If the panelists had resorted to this level of robust debate, it would surely make for more entertaining telly.

But to engage Durkin on the issue, when you have what is undeniably a narrowly-supported theory, one expects the criticism to be fairly robust. A bit churlish really, to expect prime-time exposure for his fairly patchy (IMHO obviously) doco AND a post-screening debate stacked in his favour.

Surely one who seeks to challenge the status quo shouldn't get all pouty just because the balance of opinion is firmly against them? That should simply challenge them to secure ever more compelling evidence for the theory in question.

DenMT

Anonymous said...

"Now how about you go away and work on the proofs you were challenged with not so long ago."

Science is not mathematics. There is no proof. It is possible however to demonstrate or have things shown - something usually done from multiple distinct convergent obversations. (And a wiki page outlining one more.)

Whether this then calls for "the totalitarianism they lust to implement over all men" is another matter altogether. Climate scientists admittedly aren't economists and Science is not a buffet table.

Peter Cresswell said...

"Science is not mathematics. There is no proof."

Then what is it you think real scientists do, Wasps?

Science consists in validating and proving theory; in finding and proving causality - as Aristotle says, understanding the role of causality is what it means to have knowledge "down to the root."

And as Ludwig von Mises observed, mathematics is ever silent on causality.

So it really seems you might have this backwards.

Anonymous said...

Wasps said...
Science is not mathematics. There is no proof.

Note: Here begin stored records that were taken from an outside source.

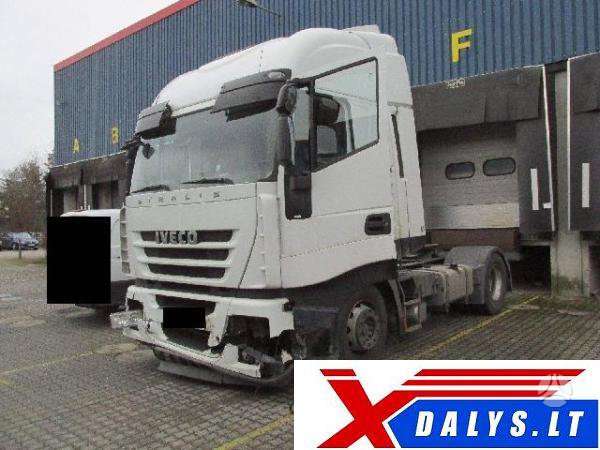 Iveco Stralis, тягачи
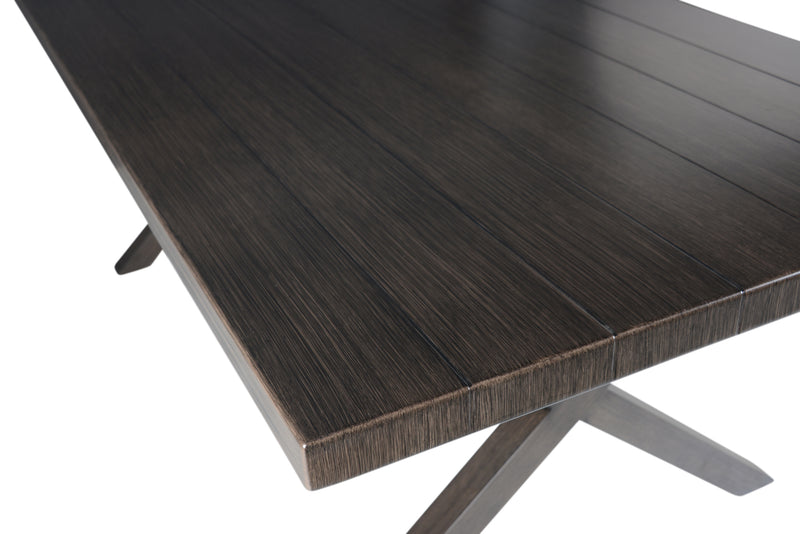 Steve Silver Marina Brown Rectangle Patio Table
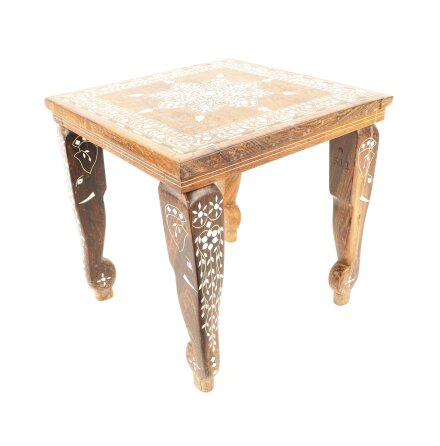 Anglo Indian Side Table - Handgjort Sidobord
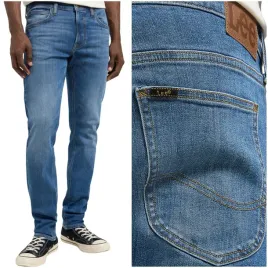 lee-luke-slim-myers-dzins-mocno-zwezane-ciemne-spodnie-jeansowe-w38-l34
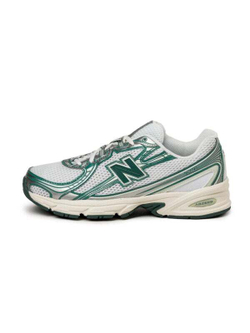 Кроссовки New Balance U740GR2 белые/зелёные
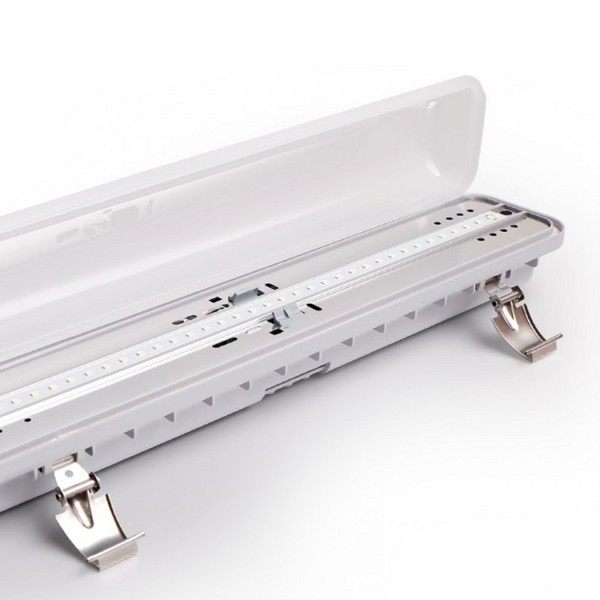 10-80W Plastic 600mm 1200mm 1500mm LED Tri-proof Light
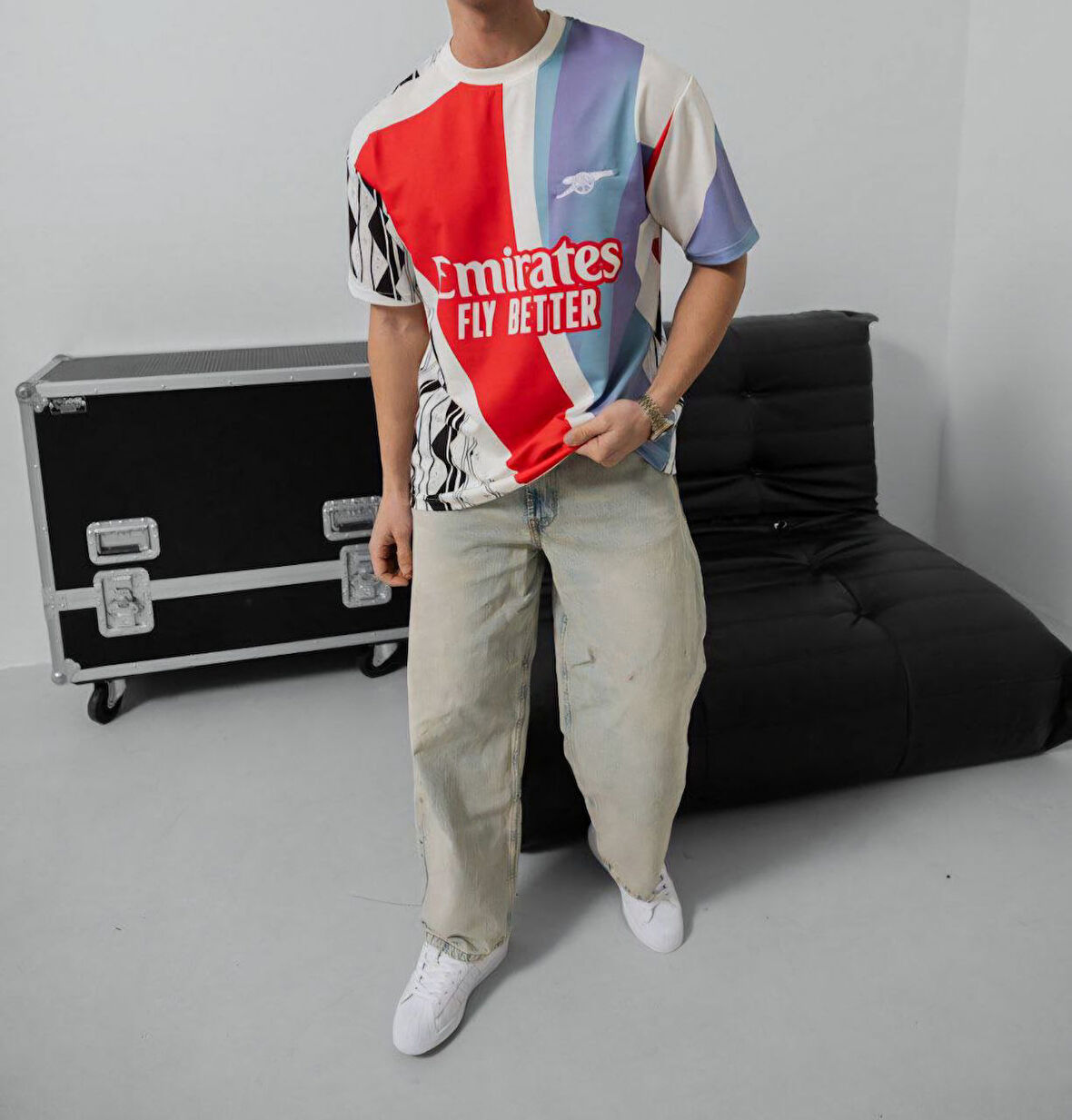 OVERSIZE %100 PENYE TİŞÖRT - KALİTELİ COMPACT PENYE TSHIRT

Wasps, was that a layman assertion? If Science is not mathematics, then perhaps you can tell me what the heck are the following mathematical physics models (which were developed by Physics Nobel Prize winners) are all about. These science models look like mathematics to me, unless I am completely blind here.

- Schrodinger Equation

- Feynman Path Integral

- Dirac Equation

BTW, if you want some examples of those science models I have listed above, then I am happy to give you one (definitely not a layman one).

Anonymous said...

You're labouring under an incorrect notion of what proof is.

When you prove something, like Fermat's Last Theorem. That's it. If another session produces NOT-Fermat's Last Theorem, then that line of reasoning is wrong with no exceptions. A proof, by its nature, means that every single assumption that can produce the negation of a proof's conclusion defies the nature or rules of the system. This is where the Proof-by-Contradiction method takes its power.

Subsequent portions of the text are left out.